The ProGit book has a good explanation.

The specific answer to your question can be found in the section titled "The Perils of Rebasing". A quote from that section:

When you rebase stuff, you’re abandoning existing commits and creating new ones that are similar but different. If you push commits somewhere and others pull them down and base work on them, and then you rewrite those commits with git rebase and push them up again, your collaborators will have to re-merge their work and things will get messy when you try to pull their work back into yours.

Update:
Based on your comment below, it sounds like your are having difficulty with your Git workflow. Here are some references that may help:

Tim Henigan
Thanks for the explanation. So, just to make my understanding clearer, after I push certain changes, I should not use `git rebase` ( --interactive ?) to rewrite that history, this is sure recipe of fail.On the other hand, if I have rebased certain changes to topic branch (from branch X) and push it, its perfectly normal to rebase again after another developer changes topic branch. Essentially, I have been using `merge` for quite sometime, but we are in same boat as, http://darwinweb.net/articles/86 and the history is almost unusable.
Hemant Kumar
@Hemant: Rebasing commits after pushing to a public repo is generally a bad idea. That being said, the advice from the darwinweb article you cited sounds reasonable if your workflow resembles theirs. See my updated response for a list of other references which might help.
Tim Henigan
+1  A: 

A rebase alters the history of your repository. If you push commits out to the world, i.e., make them available to others, and then you change your view of the commit history, it becomes difficult to work with anyone who has your old history.

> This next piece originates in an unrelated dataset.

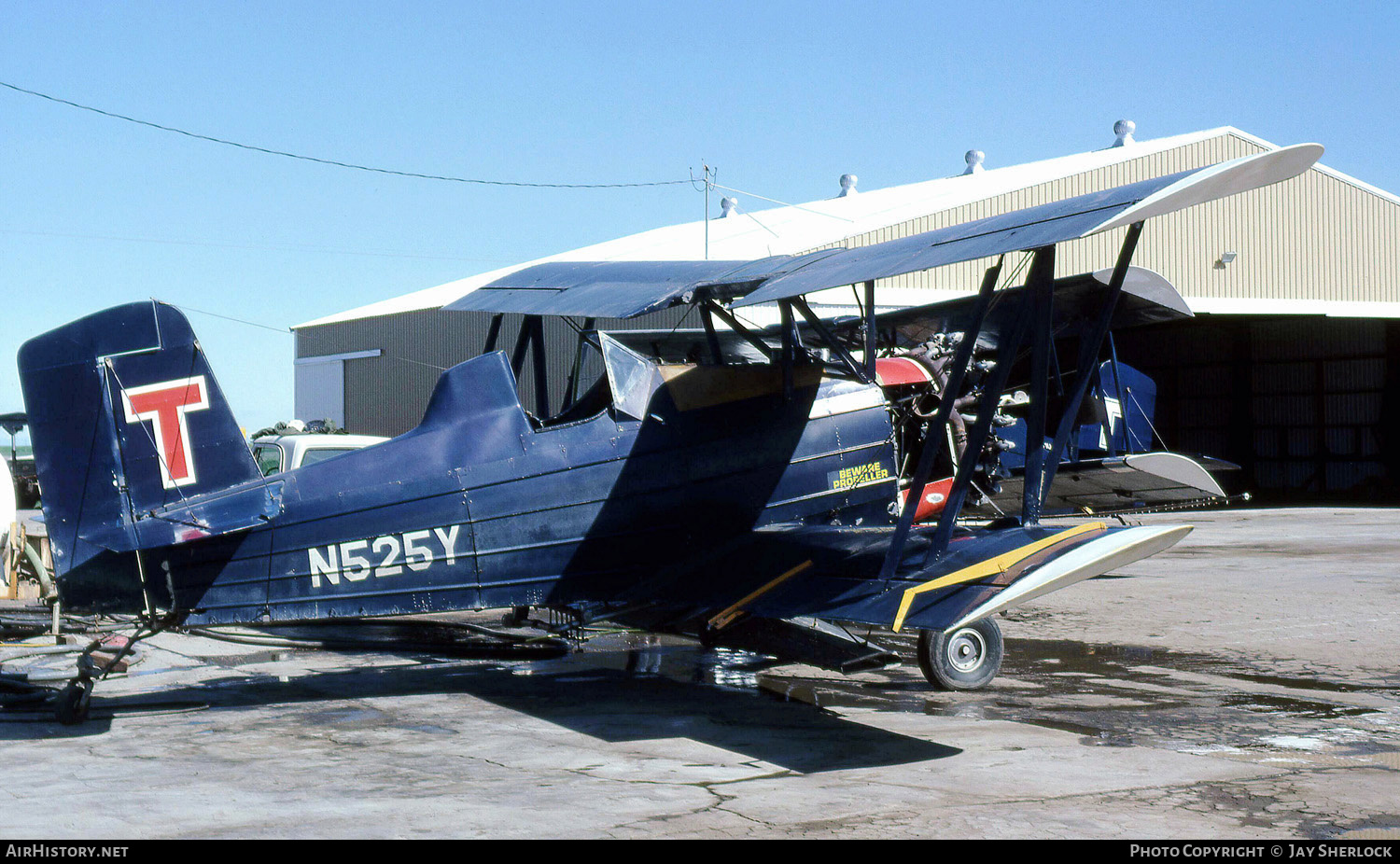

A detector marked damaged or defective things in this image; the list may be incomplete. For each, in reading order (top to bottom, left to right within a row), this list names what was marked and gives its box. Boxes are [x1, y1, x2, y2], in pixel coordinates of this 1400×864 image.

cracked concrete [0, 508, 1396, 840]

Rebase considered harmful is a good overview, I think.

dsolimano
+4  A: 

Rebasing rewrites history. If nobody knows about that history, then that is perfectly fine. If, however, that history is publicly known, then rewriting history in Git works just the way it does in the real world: you need a conspiracy.

Conspiracies are really hard keep together, so you better avoid rebasing public branches in the first place.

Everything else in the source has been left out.